One of the biggest ways for me to deal with my anxiety is to make sure that I create a sense of balance for myself. Running and yoga have been big parts of that, but I’ve also learned that sometimes my line of work feeds that anxious energy. So I’m being intentional in living my life in a way that doesn’t perpetuate anxious feelings.
I’m about a month and a half into a new job, and thus far am putting a great deal of effort into creating a line between my work life and my home life. Prior to this point, I let the two worlds blur, bringing work home and spending time at work tying up loose ends on personal projects. But in making this transition, I opted to take a natural transition and turn it into an opportunity to make a change in my life.
Here are the rules:
(1) Be accessible to students…for emergencies. My customary response to a work call if I’m not at work: “Are you on fire?” “Is someone near you on fire?” If the answer to neither is no, chances are the issue can wait. The nature of my position here at FSU, with such an empowered group of students, makes this distinction significantly easier. Lori, my associate director, said we intervene in the event of “blood, flood or fire.” I like that. It’s less of a matter of trying to shirk work, and more a matter of preventing myself from jumping in all the time.
(2) To prove I don’t wish to shirk doing work- stay in the office for as long as it takes to get it done, but once you’re home, you’re home. I try as often as I can to complete projects, and divide my day by addressing the most urgent of those pending projects. My anxious nature makes me worry that I’ll forget something if I stop mid-task, so I know I have to finish what I’m working on. Sometimes that means staying in the office until 6 or 7, rather than leaving at 5. But for me, it saves the stress of worrying about forgetting details, and allows me to maintain a separation that I know that I need.

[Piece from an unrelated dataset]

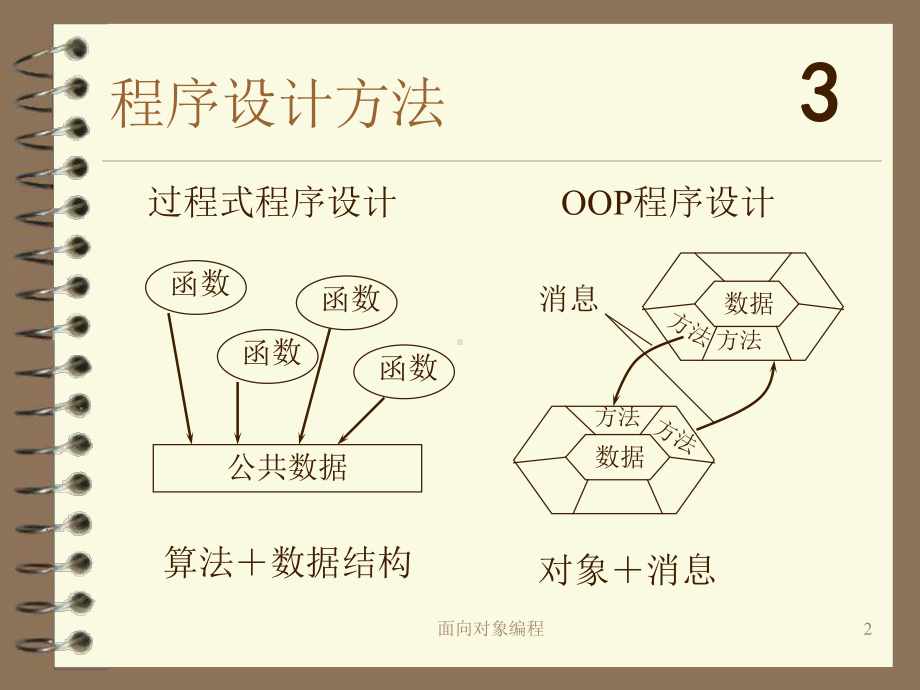 面向对象程序设计方案概述.ppt_第2页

(3) Create physical boundaries. In the month and a half that I’ve lived in the new apartment, I’ve taken my computer to my bed with me one time. Similarly, I’ve opted to not have a TV in my room and turn my phone off when I go to bed. This is less about creating a separation between work and play, and more about making sure that I rest. The less sleep I get, the more anxious I feel. In making my bedroom a true place of rest, I’ve felt far more refreshed in the morning, more recharged and ready to tackle all the aspects of my life with the energy that sound sleep gives me.
(4) I schedule free time. I know, it sounds so type-A and counterintuitive. But it keeps me in check, reminds me that I need to have my own time. The biggest way that I’ve done that is by scheduling races. I have, on average, a race a month for the fall. I know that I’ll feel pressure to work all the time if I don’t have days where I don’t go to work. In scheduling races for myself, it gives me time to be away from work, and also gives me a forced opportunity to do one of the most rejuvenating and reflective activities in my life- RUN. Moreover, it forces me to make time to run before or after work, to make sure I’m prepared to do my best in those situations. For someone for whom running has become a great form of therapy, this has been the best way for me to calm myself down, relax, and escape from my thoughts.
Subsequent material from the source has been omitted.